Mississippi State Quarter
The Mississippi quarter, the fifth and last quarter of 2002 and 20th in
the series, showcases the beauty and elegance of the state flower,
combining the blossoms and leaves of two magnolias with the inscription
"The Magnolia State."
The magnolia (Magnolia grandiflora), named for the French botanist
Pierre Magnol, is strongly associated with the South, where the flower
became enormously popular after it was introduced from Asia. This
association became strong enough that Mississippi adopted it as the state
flower in 1952.
In 1900, when Mississippi schoolchildren were asked to vote for a state
flower, they selected the magnolia over a group that included cape
jasmine, yellow jasmine and cotton. The selection remained unofficial,
however, as the legislature did not act on the result.
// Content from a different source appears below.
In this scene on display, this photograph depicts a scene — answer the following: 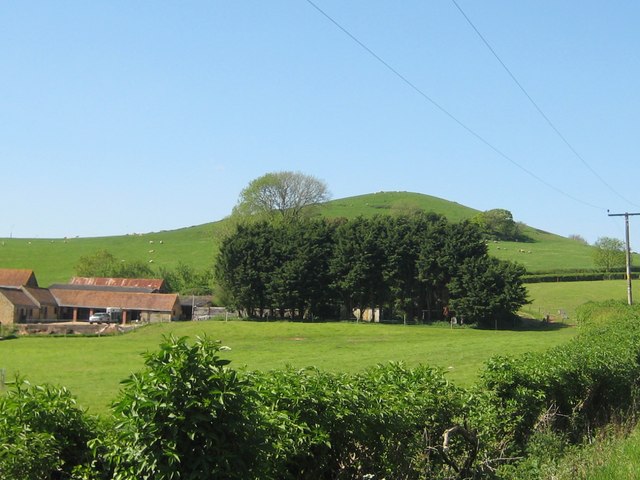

A similar election
for state tree in 1935 gave the magnolia a landslide victory, one that was
made official on April 1, 1938. On February 26, 1952, the Mississippi
legislature finally adopted the magnolia as the state flower, opposed by
only one vote.
In response to the U.S. Mint's request for design concepts for the
Mississippi quarter, Governor Ronnie Musgrove submitted three concepts on
June 22, 2000, a Magnolia flower with a branch, a Mockingbird and
"Mississippi - The Magnolia State."
The U.S. Mint provided Governor Musgrove with three candidate designs
from which he chose "The Magnolia State" on July 3, 2001.